En yüksek kulede şifalı bitkisel infüzyonlar ve sihirli iksirler hazırlayan bir büyücü saklanıyordu.
Okçular her zaman boşluklardan düşmanlara bir dizi ok atmaya hazırdılar.
Cellat, kalenin gizli zindanlarında düşmanları ve hainleri zincirlere bağladı.
Uzun akşamlarda kalede satranç oynanırdı.
Kalenin depolarında büyük miktarda yiyecek depolanıyordu.
Kediler, buğday torbalarının, sepetlerin ve kapların yakınında uykulu fareler için avlandılar.
Buz, ürünlerin uzun süre bozulmadığı için kalenin mahzenlerinde saklandı.
Kaleden çocuklar tahta kılıçlarla, kılıclarla oynadılar ve ip atlarına bindiler.
Uyumadan önce kadınlar saçlarını tarar ve örgülerle örerlerdi.
Kalenin yeni şövalyelerin adandığı özel bir salonu vardı.
Şapelde ibadet sırasında keşişler mezmurlar ve ilahiler söylediler.
Cüceler, soytarılar ve müzisyenler bayramlar sırasında konukları eğlendirdiler.
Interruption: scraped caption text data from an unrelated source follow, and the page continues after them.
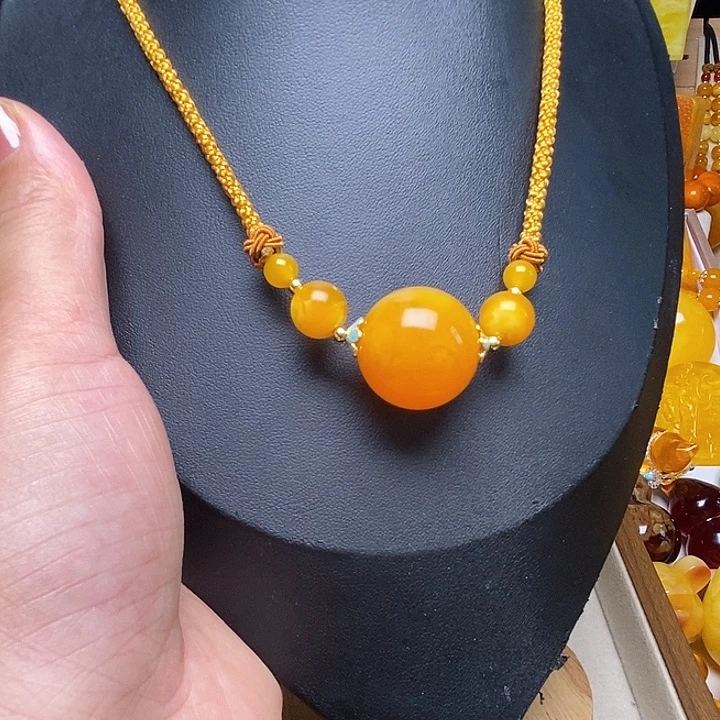 精品设计搭配锁骨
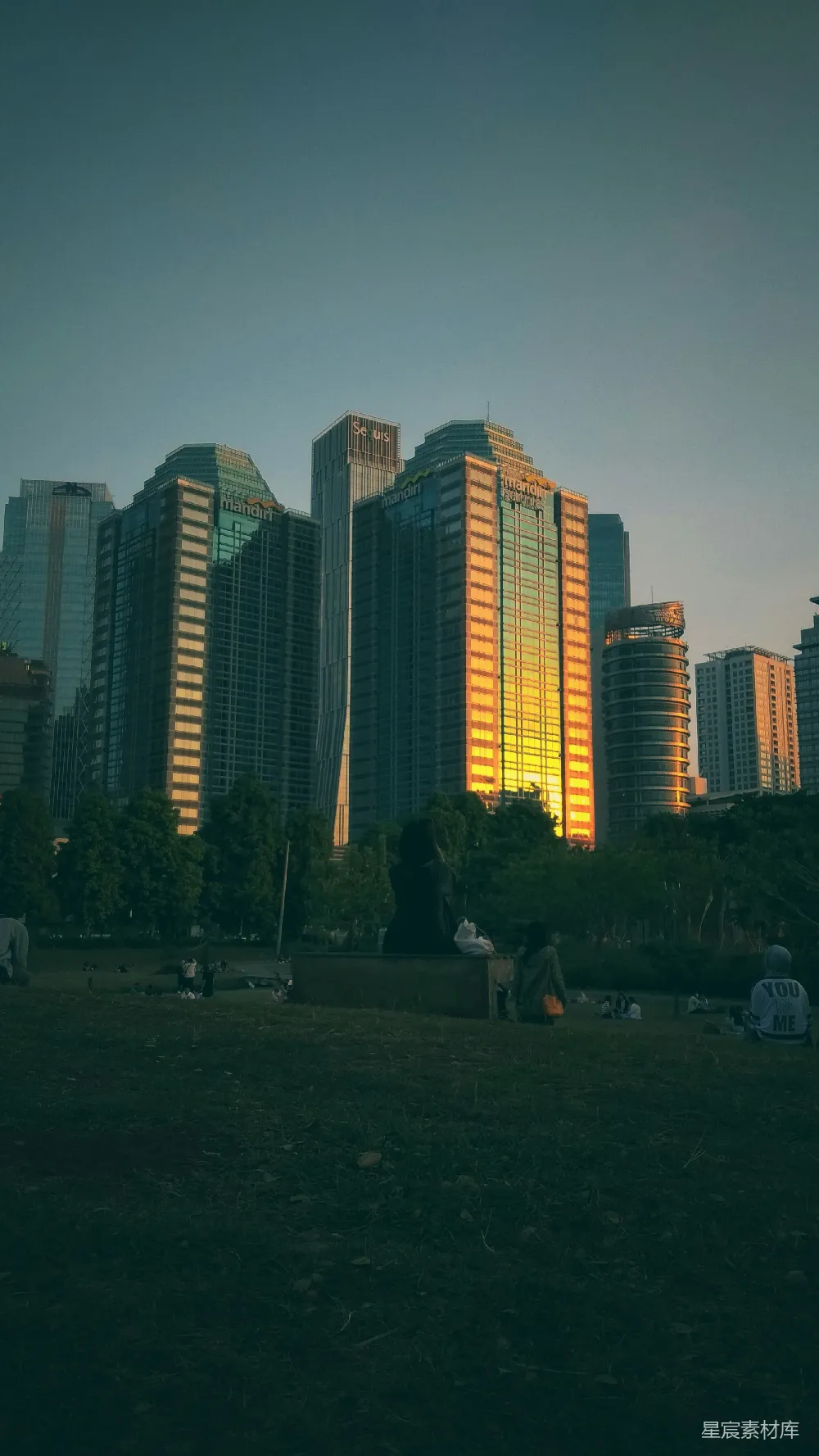 高清摄影 城市 日落 公园 休闲 都市生活 都市日落下的公园时光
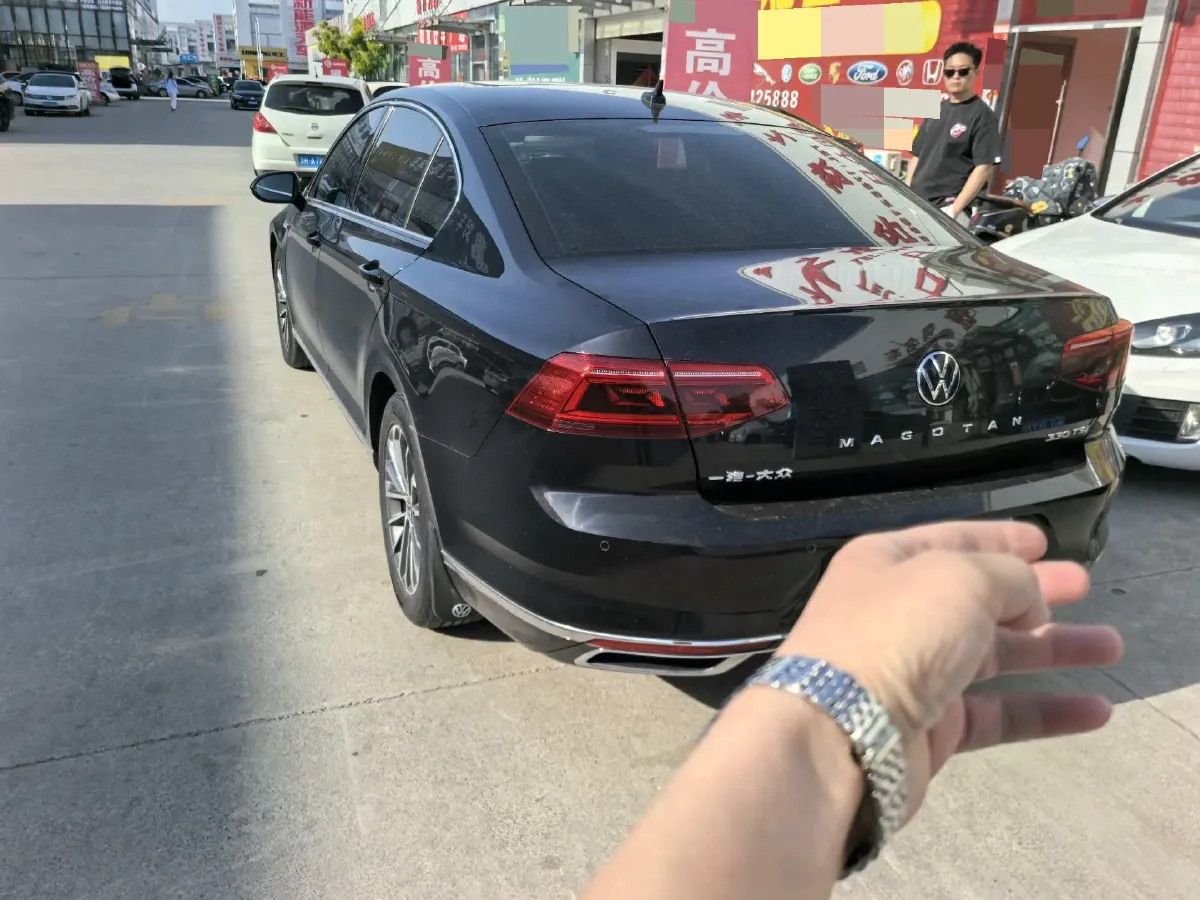 2020 Volkswagen Magotan 2.0T 186HP L4 7DCT,autocango,china used car exporter,china ev exporter,chinese used car exporter,chinese used ev exporter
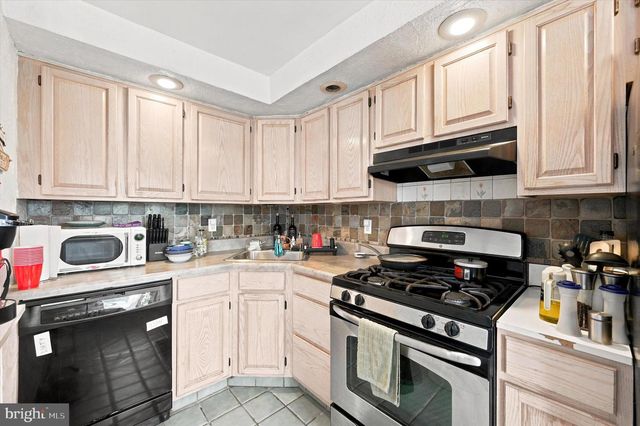 338 S STRATFORD RD, Glenolden, PA 19036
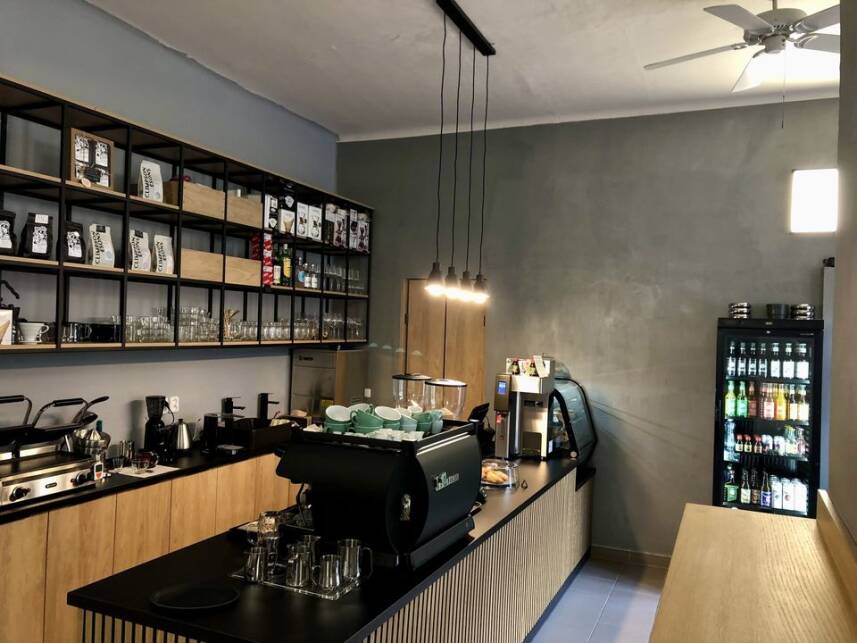 Black Style ROOMS Photo 1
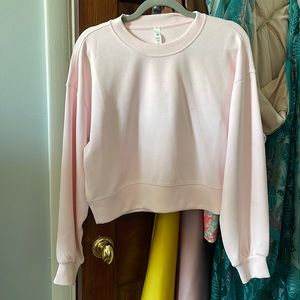 NWOT lululemon crew neck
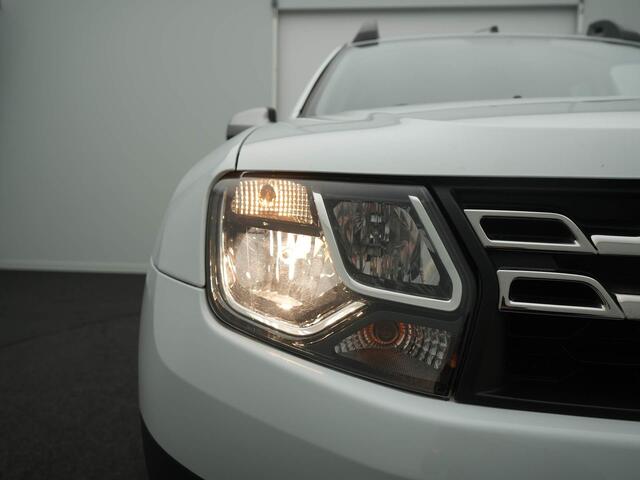 Dacia DUSTER TCe 125 Lauréate - All seasonbanden - Trekhaak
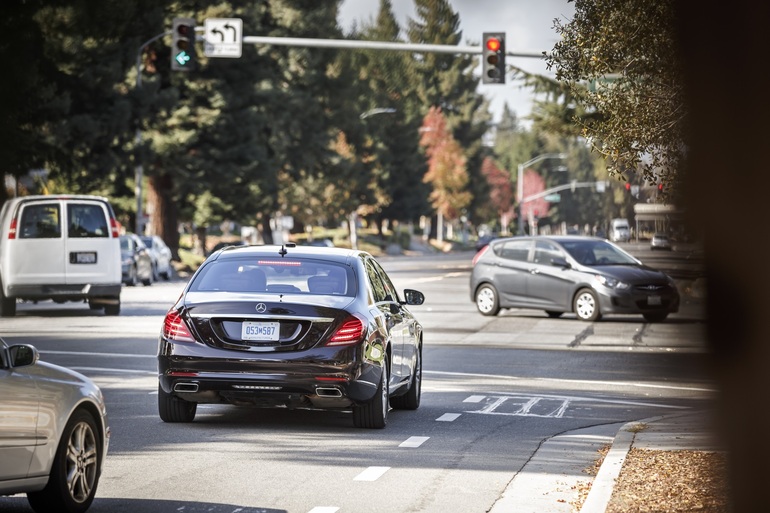 Ampel für autonome Autos  - Bei Weiß regeln die Roboter 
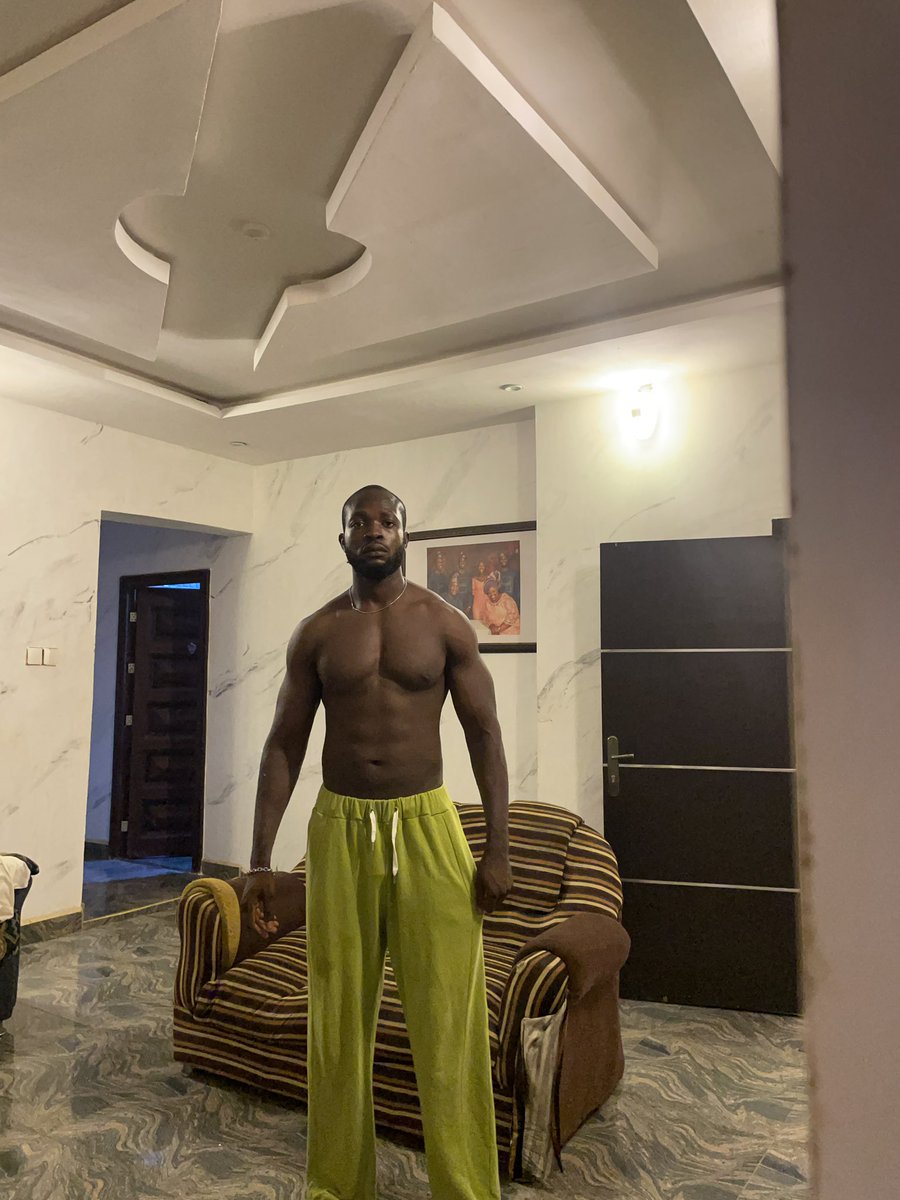 riqdmenace's tweet photo. At home.                               At the gym. https://t.co/zO9bIl4FVH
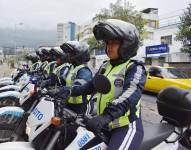 Agentes civiles de tránsito Quito.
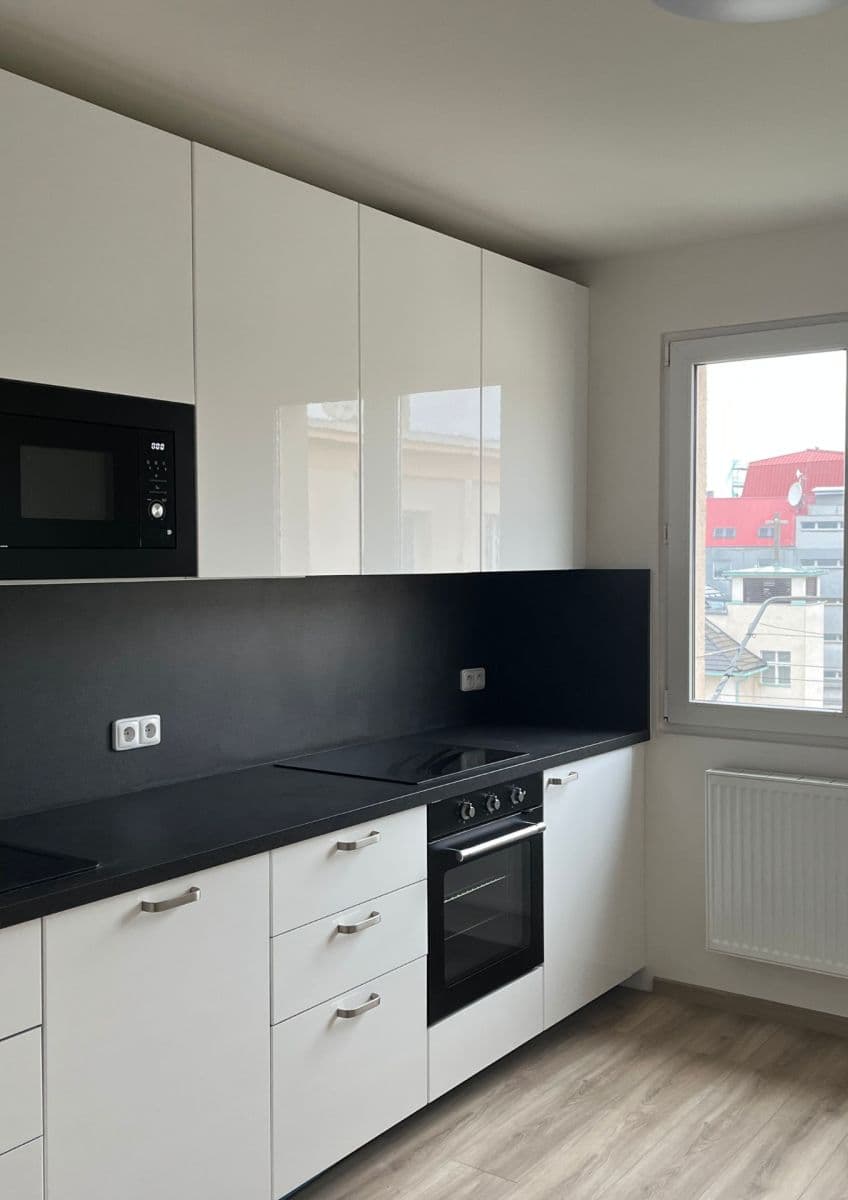 Pronájem bytu 2+1 66 m², Krupská, Praha, Praha Pronájem bytu 2+1 66 m², Krupská, Praha, Praha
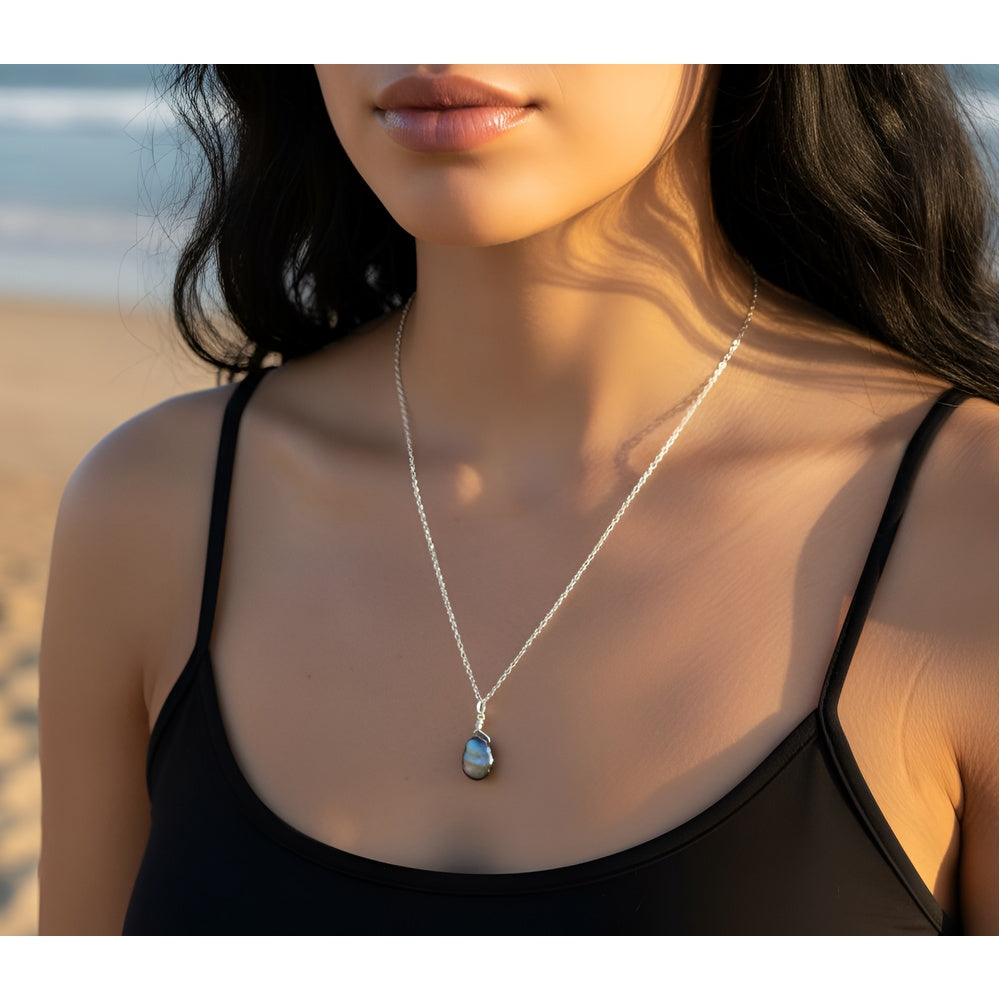 Black Iridescent Pearl Necklace | Coco Beach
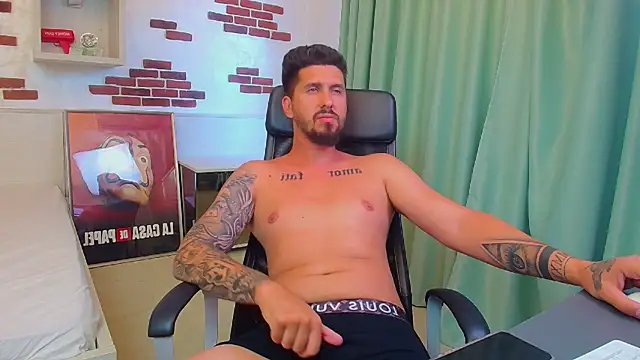 LoganStroud Webcam show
Kale bir hendekle çevriliydi. Gündüzleri asma köprü indirildi, geceleri ise sağlam bir kapıya dönüştü.
Ortaçağ soylularının en sevdiği eğlencelerden biri şahinlikti.
Çok kompakt ve bakımlı Cesis şehri. Kale kısmen restore edilmiş ve Orta Çağ'ın Gotik'ine doymak isteyenlere burayı ziyaret etmelerini tavsiye ediyorum.
Güzel ama kale kalıntılarına giriş ücretli. Dükkanlarda çeşitli hediyelik eşyalar satılıyor ve gözlem güvertesinden Letonya dağlarının manzarası açılıyor.